The remote seems a bit finicky in that I seem to need to press a button more than once for it to register and flash....but I don't know if it's the remote, the sensor, or the aiming. However, I'm running continuously in 24/7 mode so I'm not playing with the remote much at all. I like that it remembers whatever the mode was when power is cut and in 24/7 mode, always comes back on at 6am feature time, which allows the use of a timer (on at 6am, off at midnight). 

In 24/7 mode the light will flicker for an instant when it ramps up/down to greater/less intensity, but this is to be expected. I don't know if there's any kind of flicker at other settings (e.g. max).

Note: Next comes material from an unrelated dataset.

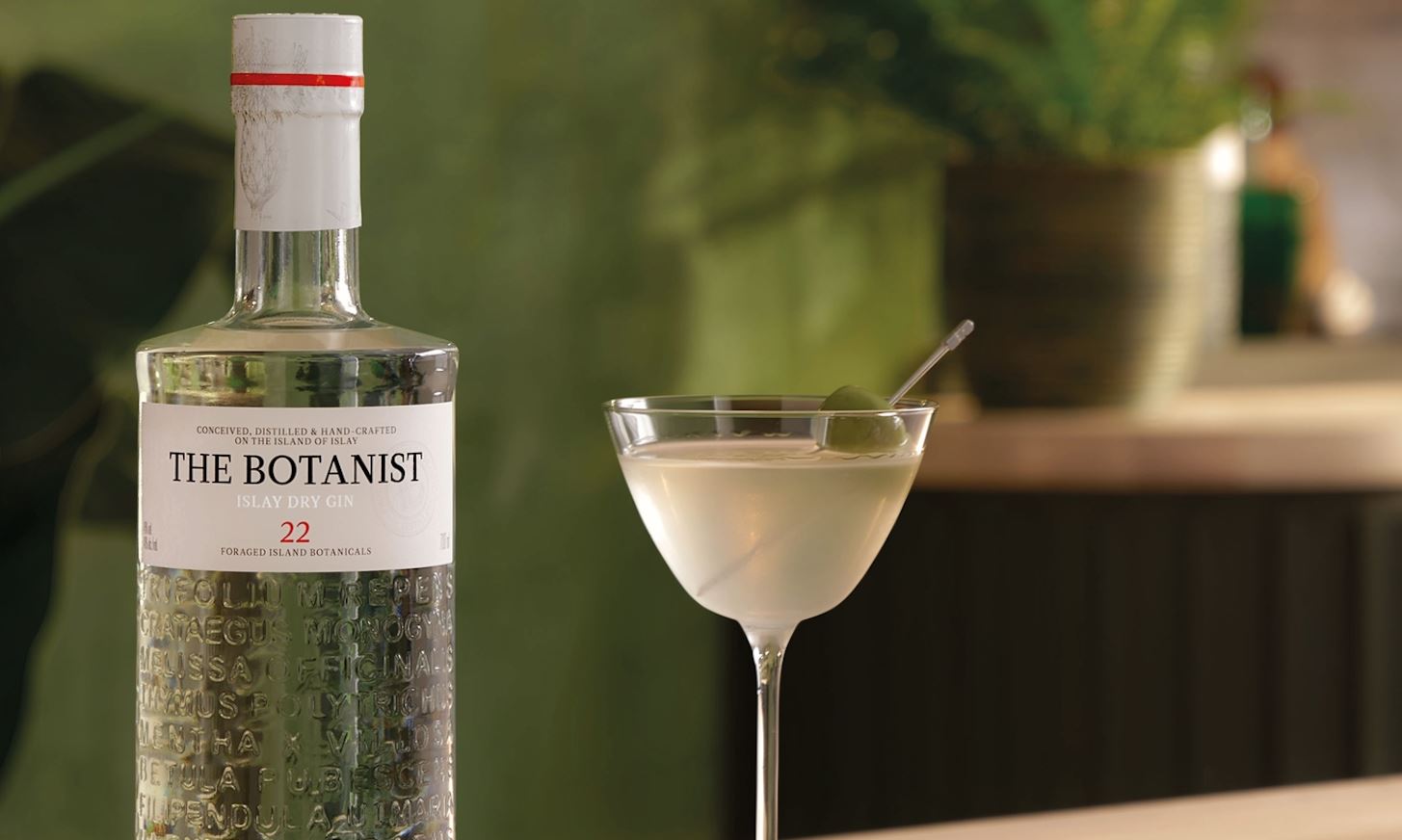 Dirty Martini με βοτανική κληρονoμιά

It would be interesting to see how the light performs on max for say 6 hours a day, but 24/7 is working so well for me, I just haven't bothered.


----------



## ScottR88 (Dec 4, 2016)

AbbeysDad said:


> I've had my Finnex Planted+ 24/7 since April/May, so 7 months now. I'm running in 24/7 mode from 6am until midnight (18 hrs/day).
> 
> The remote seems a bit finicky in that I seem to need to press a button more than once for it to register and flash....but I don't know if it's the remote, the sensor, or the aiming. However, I'm running continuously in 24/7 mode so I'm not playing with the remote much at all. I like that it remembers whatever the mode was when power is cut and in 24/7 mode, always comes back on at 6am feature time, which allows the use of a timer (on at 6am, off at midnight).
> 
> ...



Remembering the previous mode is a nice feature during a power outage. My only concern is long term reliability. You are paying a premium for Fluval's 3 year warranty.


----------